Many people have decided that the situation is more likely to get worse than improve, and shops selling generators have been enjoying something of a boom. Machines of all shapes and sizes now add to the pavement clutter, and clatter away during the blackouts.
Electricite du Cambodge, the state-owned organisation responsible for power generation, has been unable to respond to the problems.
Its deputy director general, Yim Nolson, admits that there was no spare capacity in a system which should ideally have a 15% power reserve.
He believes that a rise in fuel prices has prompted businesses that usually rely on their own generators to switch to mains electricity, creating a demand the system could not meet.
This view evokes little sympathy from Cambodia's main industry, the garment sector. The country's power costs are among the highest in the region, dulling the competitive edge of factories fighting for orders against China and Vietnam.
Small businesses are feeling the strain as the tourists sweat
"Electricity costs represent 30% of our total expenses," one garment factory manager told BBC News.
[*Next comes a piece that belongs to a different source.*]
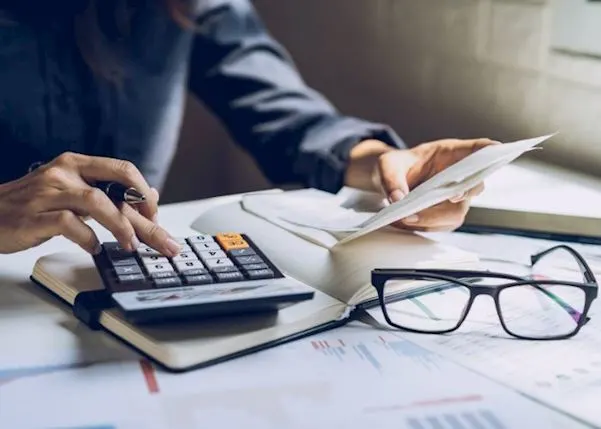 Person using a calculator and looking at paperwork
"It eats all your profits, and we don't have any control. They can cut the electricity whenever they want. So you have to have a generator, and this adds a lot of costs."
Power problems have undoubtedly played a part in deterring would-be investors from coming in to Cambodia.
Both the cost and reliability of supplies compare unfavourably with neighbouring countries like Vietnam and Thailand - and the picture gets even worse outside Phnom Penh, with less than a fifth of the country as a whole has power.
Electricite du Cambodge admits that power station breakdowns have played a part in the electricity shortages. There have been accusations that poor maintenance and a lack of spare parts have made the situation worse.
A new power station is due to come on line by the middle of the year, but Yim Nolson thinks that any extra capacity will be absorbed within months.
It seems the groans, and the clattering emanating from the generators are set to continue.